◈ API / SDK/2026-06-21Advanced

Should You Move Your Agent Loop to Gemini's Managed Agents? Three Questions That Decide What Migrates

With Gemini API's Managed Agents in public preview, deciding between a self-hosted agent loop and a Google-hosted sandbox is now a real question. Three questions — execution environment, state ownership, and failure recovery — decide what migrates and what stays.

gemini-api²⁷⁸ managed-agents⁴ ai-agents² automation⁵² architecture¹⁶ google-io-2026

✦ Premium Article

Managed Agents, announced at Google I/O 2026, are now available in public preview on the Gemini API. The pitch is appealing: a single API call spins up an agent inside a Google-hosted, isolated Linux sandbox, where it reasons, calls tools, executes code, and hands you back the result.

I run a fair amount of automation as an indie developer — scheduled blog maintenance, image-asset housekeeping, and similar background jobs — all driven by agent loops I wrote and operate myself. My honest first reaction to the announcement was an even split of hope and suspicion. Hope, because if something else can carry the tedious parts of running a loop, I will gladly let it. Suspicion, because moving automation that already works is one of the more reliable ways to hurt yourself.

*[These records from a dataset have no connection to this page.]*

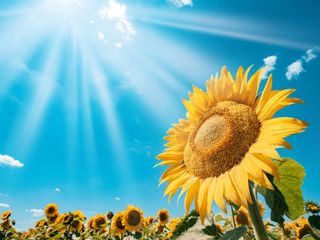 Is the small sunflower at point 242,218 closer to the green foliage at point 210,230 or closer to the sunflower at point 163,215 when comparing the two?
the green foliage at point 210,230

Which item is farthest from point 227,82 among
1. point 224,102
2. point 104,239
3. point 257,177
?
point 104,239

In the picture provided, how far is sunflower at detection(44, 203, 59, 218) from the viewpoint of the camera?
46.6 ft

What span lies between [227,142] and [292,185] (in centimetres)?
65

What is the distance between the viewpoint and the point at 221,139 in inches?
107

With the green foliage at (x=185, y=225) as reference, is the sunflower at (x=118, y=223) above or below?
above

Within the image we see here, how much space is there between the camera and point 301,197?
220cm

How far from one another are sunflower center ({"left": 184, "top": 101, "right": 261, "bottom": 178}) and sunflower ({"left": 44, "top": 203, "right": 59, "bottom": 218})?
13.1 meters

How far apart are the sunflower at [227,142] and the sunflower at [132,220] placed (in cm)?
914

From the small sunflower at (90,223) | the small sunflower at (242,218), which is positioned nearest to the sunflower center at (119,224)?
the small sunflower at (90,223)

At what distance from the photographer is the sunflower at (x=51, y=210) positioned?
14211mm

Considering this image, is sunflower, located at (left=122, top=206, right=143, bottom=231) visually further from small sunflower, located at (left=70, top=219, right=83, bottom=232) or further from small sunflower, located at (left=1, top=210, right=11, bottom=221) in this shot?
small sunflower, located at (left=1, top=210, right=11, bottom=221)

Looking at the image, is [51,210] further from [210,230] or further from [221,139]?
[221,139]

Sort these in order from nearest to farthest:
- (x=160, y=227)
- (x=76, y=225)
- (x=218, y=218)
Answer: (x=218, y=218) → (x=160, y=227) → (x=76, y=225)

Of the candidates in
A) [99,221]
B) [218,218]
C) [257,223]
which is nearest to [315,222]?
[257,223] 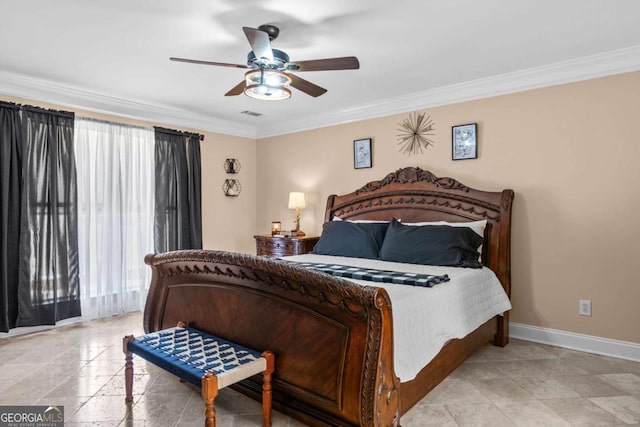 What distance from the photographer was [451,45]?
2.93 m

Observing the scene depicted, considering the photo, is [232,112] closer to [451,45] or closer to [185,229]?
[185,229]

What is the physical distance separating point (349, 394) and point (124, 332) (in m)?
2.85

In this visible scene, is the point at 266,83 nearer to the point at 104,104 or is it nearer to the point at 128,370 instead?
the point at 128,370

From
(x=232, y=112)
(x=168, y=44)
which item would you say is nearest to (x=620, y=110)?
(x=168, y=44)

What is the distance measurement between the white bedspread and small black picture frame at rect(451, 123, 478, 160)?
1230mm

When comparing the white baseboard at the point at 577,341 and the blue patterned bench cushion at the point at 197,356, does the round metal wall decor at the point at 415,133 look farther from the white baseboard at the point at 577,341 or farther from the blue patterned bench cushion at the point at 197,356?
the blue patterned bench cushion at the point at 197,356

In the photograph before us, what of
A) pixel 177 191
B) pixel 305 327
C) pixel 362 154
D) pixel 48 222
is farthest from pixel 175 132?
pixel 305 327

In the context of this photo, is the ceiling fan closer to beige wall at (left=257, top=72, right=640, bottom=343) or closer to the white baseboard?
beige wall at (left=257, top=72, right=640, bottom=343)

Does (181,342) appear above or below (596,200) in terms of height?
below

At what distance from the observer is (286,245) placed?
4746 mm

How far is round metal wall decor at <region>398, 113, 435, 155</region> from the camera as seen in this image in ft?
13.6

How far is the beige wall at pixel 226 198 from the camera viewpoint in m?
5.31

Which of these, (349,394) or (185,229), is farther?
(185,229)

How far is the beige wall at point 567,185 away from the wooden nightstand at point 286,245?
161 cm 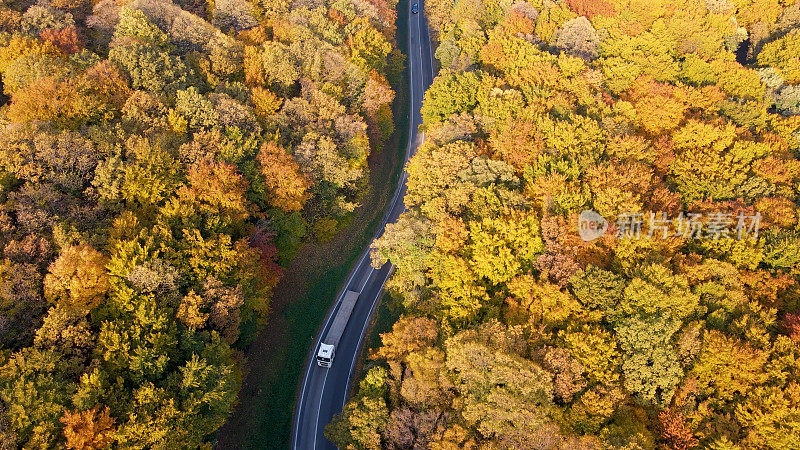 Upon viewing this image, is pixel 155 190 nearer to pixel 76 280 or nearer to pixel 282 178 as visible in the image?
pixel 76 280

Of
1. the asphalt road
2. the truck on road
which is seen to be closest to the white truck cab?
the truck on road

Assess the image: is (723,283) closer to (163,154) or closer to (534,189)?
(534,189)

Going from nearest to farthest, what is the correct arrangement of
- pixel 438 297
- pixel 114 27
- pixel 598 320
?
1. pixel 598 320
2. pixel 438 297
3. pixel 114 27

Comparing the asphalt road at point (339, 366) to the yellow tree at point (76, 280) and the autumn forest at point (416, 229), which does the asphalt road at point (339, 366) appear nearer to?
the autumn forest at point (416, 229)

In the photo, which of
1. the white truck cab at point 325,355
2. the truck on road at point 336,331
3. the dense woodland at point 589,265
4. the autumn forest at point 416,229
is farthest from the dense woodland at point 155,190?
the dense woodland at point 589,265

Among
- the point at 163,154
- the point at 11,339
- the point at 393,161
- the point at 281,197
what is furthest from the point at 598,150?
the point at 11,339

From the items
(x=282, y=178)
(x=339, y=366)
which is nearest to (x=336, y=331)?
(x=339, y=366)

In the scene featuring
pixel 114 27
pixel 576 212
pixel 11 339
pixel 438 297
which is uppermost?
pixel 114 27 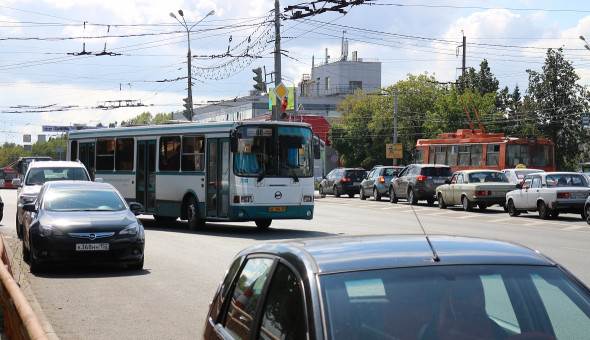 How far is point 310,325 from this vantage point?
11.5ft

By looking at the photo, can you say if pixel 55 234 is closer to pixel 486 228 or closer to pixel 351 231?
pixel 351 231

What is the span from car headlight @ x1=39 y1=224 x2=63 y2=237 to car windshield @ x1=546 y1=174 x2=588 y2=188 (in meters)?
18.4

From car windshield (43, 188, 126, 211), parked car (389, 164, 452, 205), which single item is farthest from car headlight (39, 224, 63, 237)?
parked car (389, 164, 452, 205)

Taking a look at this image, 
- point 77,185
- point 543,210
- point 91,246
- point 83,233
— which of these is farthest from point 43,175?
point 543,210

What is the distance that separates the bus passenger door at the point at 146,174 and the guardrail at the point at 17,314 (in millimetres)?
15613

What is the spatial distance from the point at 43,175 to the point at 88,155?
6.78 meters

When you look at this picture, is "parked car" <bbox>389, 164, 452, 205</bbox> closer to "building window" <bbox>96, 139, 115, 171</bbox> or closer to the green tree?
"building window" <bbox>96, 139, 115, 171</bbox>

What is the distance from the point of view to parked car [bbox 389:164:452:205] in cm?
3788

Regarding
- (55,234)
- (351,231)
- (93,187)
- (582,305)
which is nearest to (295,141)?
(351,231)

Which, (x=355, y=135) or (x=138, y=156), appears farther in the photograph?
(x=355, y=135)

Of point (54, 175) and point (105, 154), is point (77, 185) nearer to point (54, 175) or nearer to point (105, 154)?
point (54, 175)

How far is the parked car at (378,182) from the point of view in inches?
1704

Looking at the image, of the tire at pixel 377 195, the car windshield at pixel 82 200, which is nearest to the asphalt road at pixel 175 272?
the car windshield at pixel 82 200

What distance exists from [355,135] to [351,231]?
225ft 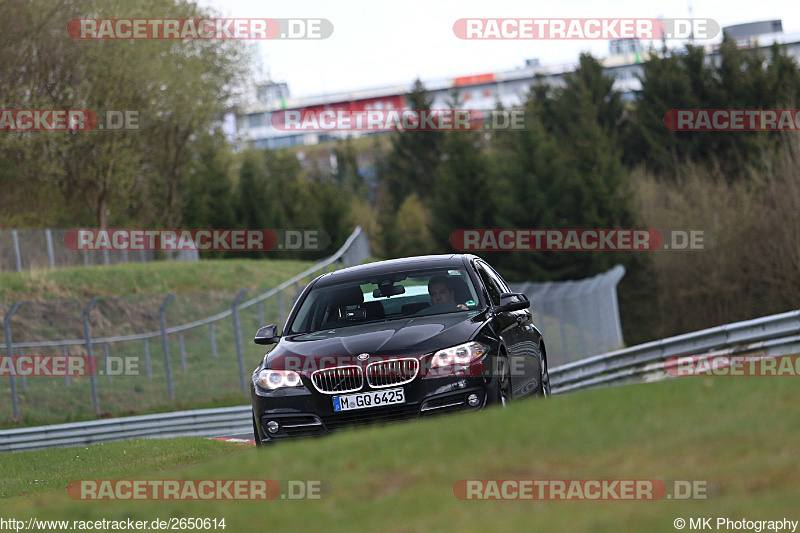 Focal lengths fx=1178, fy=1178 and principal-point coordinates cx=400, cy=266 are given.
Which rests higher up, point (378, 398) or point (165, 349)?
point (378, 398)

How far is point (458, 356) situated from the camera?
28.4 feet

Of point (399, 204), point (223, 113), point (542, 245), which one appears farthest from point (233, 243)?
point (399, 204)

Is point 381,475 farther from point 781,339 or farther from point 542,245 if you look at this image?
point 542,245

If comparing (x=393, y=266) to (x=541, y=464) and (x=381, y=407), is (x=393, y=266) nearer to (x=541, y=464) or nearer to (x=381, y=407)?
(x=381, y=407)

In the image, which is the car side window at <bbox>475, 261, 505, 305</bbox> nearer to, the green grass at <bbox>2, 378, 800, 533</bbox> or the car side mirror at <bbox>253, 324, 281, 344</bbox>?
the car side mirror at <bbox>253, 324, 281, 344</bbox>

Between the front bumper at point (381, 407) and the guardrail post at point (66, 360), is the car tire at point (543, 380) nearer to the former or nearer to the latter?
the front bumper at point (381, 407)

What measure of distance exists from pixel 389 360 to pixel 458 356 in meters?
0.51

So I went through the jobs running on my machines, one by one, asking a single question: could this move to Managed Agents, and should it? The short answer is that not everything made the cut — but the reasoning collapsed neatly into three questions. What follows is that working-through, written down.

Your agent loop is mostly not the loop

The agent loop itself is surprisingly little code. Call the model; if it returns a function call, run the matching function; feed the result back; repeat. The skeleton fits in about thirty lines.

Here is a minimal loop with exactly one tool, a release-notes checker. Gemini calls the tool when it needs to, and the loop ends once a final text report comes back.

from google import genai
from google.genai import types
 
client = genai.Client()  # reads GEMINI_API_KEY from the environment
 
def check_release_notes(product: str) -> dict:
    """Returns the latest release-notes entry (a real version would hit an RSS feed or DB)."""
    return {"product": product, "latest": "1.4.2", "breaking_changes": False}
 
tool = types.Tool(function_declarations=[
    types.FunctionDeclaration(
        name="check_release_notes",
        description="Fetches the latest release-notes entry for a product name",
        parameters=types.Schema(
            type=types.Type.OBJECT,
            properties={"product": types.Schema(type=types.Type.STRING)},
            required=["product"],
        ),
    )
])
 
contents = [types.Content(
    role="user",
    parts=[types.Part(text="Check whether the latest release of dependency foo contains breaking changes, and report in one paragraph")],
)]
 
for _ in range(5):  # hard cap to prevent runaway loops
    response = client.models.generate_content(
        model="gemini-3.5-flash",
        contents=contents,
        config=types.GenerateContentConfig(tools=[tool]),
    )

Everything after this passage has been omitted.